I also think the decay should require you to play a minimum of 10 games/week. So if you're inactive for 13 days, you need to play 20 games that last day.
I personally think this would give more people an incentive to play Arenas and create a healthier ladder environment. I know this is not the biggest thing on Blizzard's minds (or most likely on their minds at all), but giving players a sense of fulfillment will not only increase activity in player's efforts to fulfill their goals; but it will create a bigger voice for the PvP community.
Why should Blizzard fix mages in PvP when only 200,000 people care? Why should that be their biggest concern? If more people play arenas, more people will care, and more things will actually get fixed instead of these small bandages Blizzard keeps putting on classes to "balance" them.
I know this is not the biggest issue with PvP at the moment, I don't disagree. I also understand this one might take the most effort of any PvP issue (if anyone else besides me even thinks it's an issue). I think it's important to give the people who don't regularly arena an incentive to try it.
My girlfriend plays this game. I've had more fun playing with her friends (doing achievements/old raids/mount farming, etc) than doing arenas in this game over the past few months. Most people like her and her friends actually look at us like we're elitist assholes. I mean... we are, but that's not the point. Those people don't want to arena because of how daunting the task seems. I think that "2400 rating before you're relevant" idea is kind of silly. I think this could get more people doing arenas and creating a bigger, better community overall.
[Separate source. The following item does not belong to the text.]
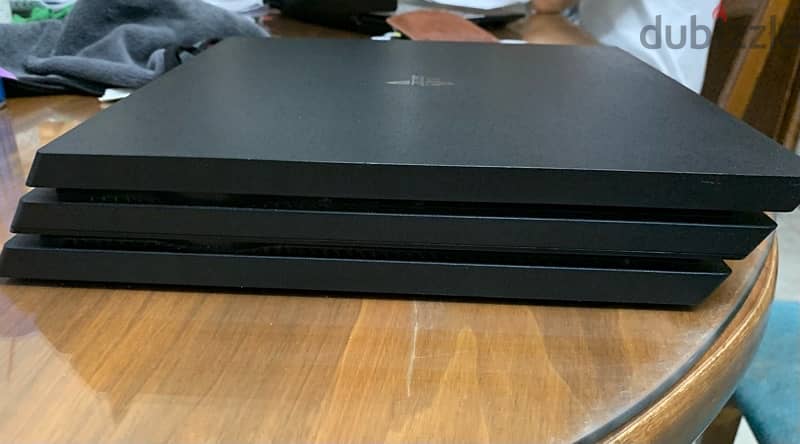 PS4 PRO 1 TB 6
EDIT: Oh by the way, this only works if the seasons are much shorter... BLIZZARD YOU DO NOT NEED TO EXTEND SEASONS TO BE A FULL PATCH'S LENGTH! We could've had six seasons already and no one would've given a fuck. Actually, people would be happier!
EDIT2: Seems to be some misunderstanding in the comments. I would gladly fix the game mechanics/balance issues over this; if given the choice. I think making the PvP community grow will lead to more mechanical fixes/etc than just screaming "BLIZZARD WTF ARE YOU DOING?!". It gives Blizzard a reason to care if 2 million people, as opposed to 200,000, are telling them: OH MY GOD NERF RMD/SHATTER/WALKING DEAD/TURBO.
Also, the tier'd system is almost irrelevant. It's the exact same thing as the system currently in place: but with a set of "stepping stones" that allows new players to correctly identify what their next goal should be (1550->1750->2000->2200->2400->2700 achievements are not the right stepping stones and you guys know it...), and allow rewards to go out in an easy way. It doesn't matter if they implement this system or not, I think it's more appealing to new players: but ultimately the rewards matter.
TL;DR: The PvP community is too small, and I think the rewards/current rating system is a big part of it and am ultimately trying to propose an idea (that most likely will never be glanced at by a Blizzard employee, let alone given any thought) that would give more players an incentive to play arenas more frequently.